Brazil’s inflation accelerated for the 12th straight month in August to its fastest annual rate since 2005. Consumer prices, as measured by the IPCA index, rose 0.37% in August from the previous month, the national statistics agency reported on Tuesday. Prices rose 7.23% from a year ago, the highest since June 2005.
The inflation report follows the recent cut in the Central bank benchmark interest rate to 12% on August 31, after raising it at the previous five policy meetings, in the most abrupt turnaround in monetary policy since 1999.
The bank said a “moderate adjustment” in the key rate wouldn’t compromise its 4.5% inflation target next year because of a “substantial deterioration” in the global economy.
Last week’s rate cut prompted analysts covering the Brazilian economy to increase their inflation forecasts for next year and 2013.
Consumer prices will rise 5.32% next year, according to the median forecasts in a Central bank survey of about 100 economists published Monday. The forecasts were up from 5.2% the previous week. The benchmark Selic rate will fall to 11.88% by the end of 2012, the survey found.
Core inflation rose 0.42% in July, from 0.37% in June, and should continue to rise in coming makes, making further cuts unadvisable, Flavio Serrano, an analyst for Espirito Santo Investment Bank, said in a report.
The increase in prices last month was the biggest since a 0.47% rise in May. Food prices rose for the first time since May, jumping 0.72% in August. Transportation costs fell 0.11%. Clothes prices rose 0.67%, while housing increase 0.32% and household goods jumped 0.57%.

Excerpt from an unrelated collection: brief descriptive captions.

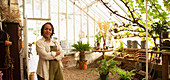 Confident female florist in greenhouse shop
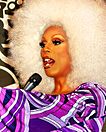Drag queen RuPaul speaking into a microphone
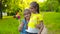 Two sisters girls holding colorful pinwheel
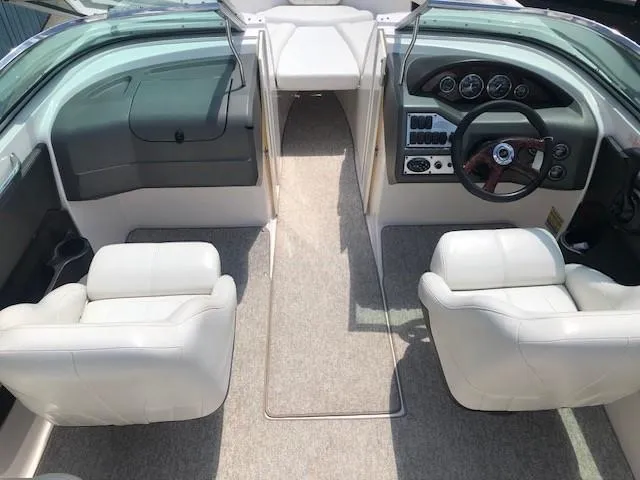 Slide: The Image of Interior of 2004 Regal 2200 Bowrider with white seats and dashboard. - 12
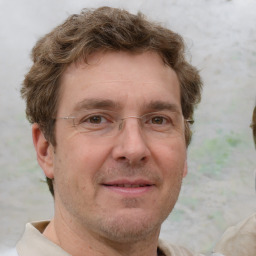 Joyful white adult male with short  brown hair and grey eyes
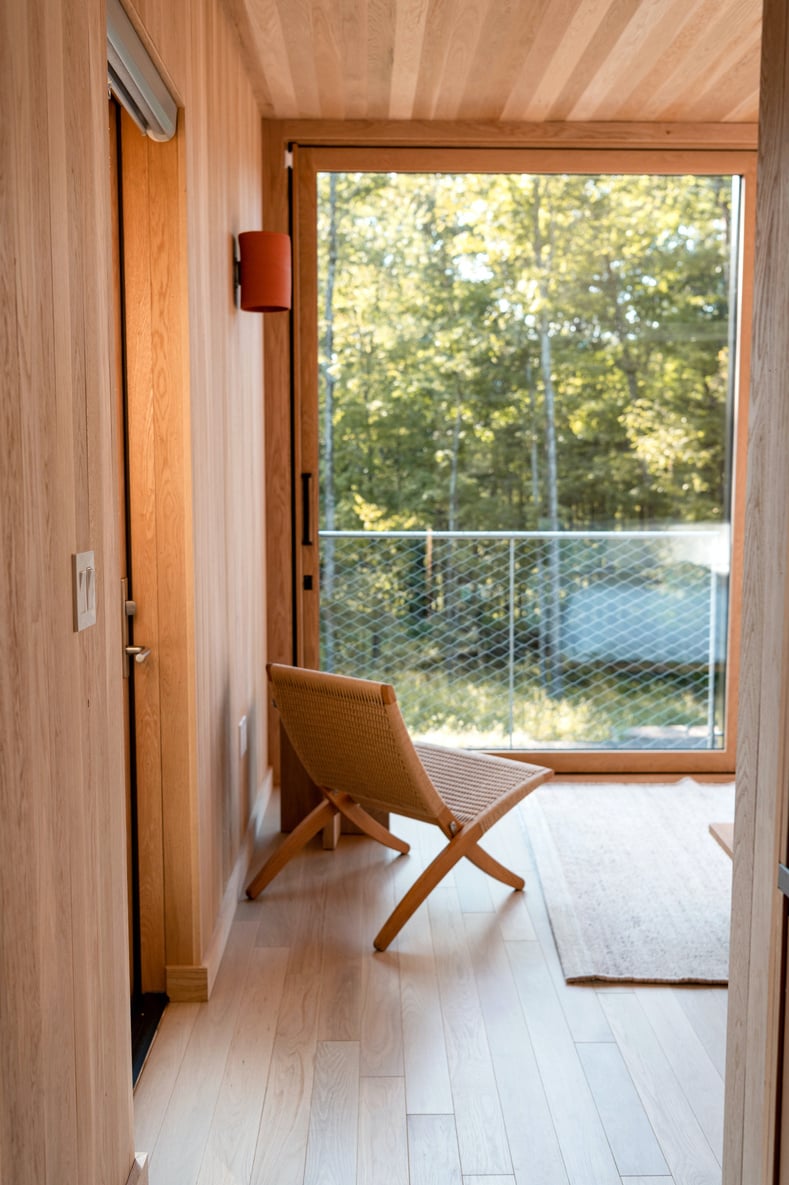 Brown Wooden Chair Near Glass Door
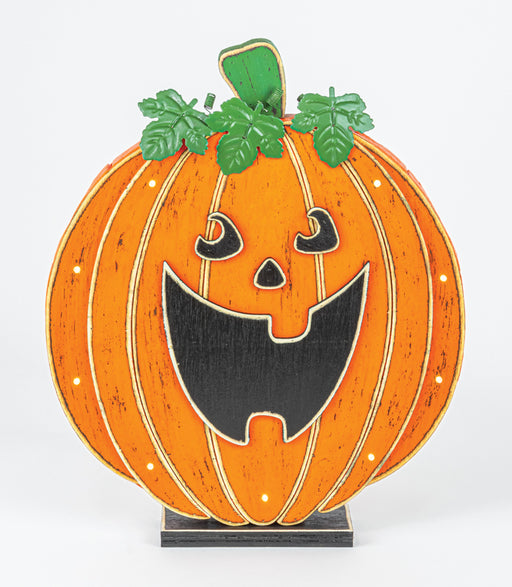 A decorative jack-o'-lantern pumpkin sign with a carved face, green leaves, and a small black base, photographed against a plain light background.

Central bank president Alexandre Tombini has said that the pace of price increases will start to slow in September.
Brazil’s economic growth slowed last quarter the most since its 2009 recession, growing 3.1% from a year earlier. Growth was led by a 4.9% xpansion in the retail sector, while imports surged 14.6% after the Super Real hit a 12-year high during the quarter.
A new report on Tuesday showed that manufacturers reduced production in July. Installed capacity fell to 82.1%, its lowest level since February 2010 and down from 82.4% in June.
While inflation has shown signs of slowing, rising wages are still bolstering demand. Brazilian unemployment fell to 6% in July, (the lowest level this year), and salaries for autoworkers have risen as much as 20% in recent weeks. Brazil’s minimum wage, which is used to adjust pension payments, is slated to rise 14% next year.
President Dilma Rousseff is counting on further rate cuts this year and has told the central bank she will reinforce fiscal measures to pay for the shift in monetary policy, Folha de Sao Paulo reported Tuesday.
Rousseff considers it a good moment to bring rates down to the level of developed nations, which would help convince lawmakers to limit public spending, according to the newspaper.
“There can be no doubt about us continuing our rigorous strategy of containing inflation” Finance Minister Guido Mantega said in an interview in Sao Paulo on Sept. 2.
Government efforts to contain spending will assist the central bank in its inflation fight and complement a “more active” use of monetary policy, Mantega said. The government last month raised by 10 billion Real its budget surplus before interest payments target this year, and Rousseff’s administration has no plans to increase salaries for federal government employees in 2012, he said.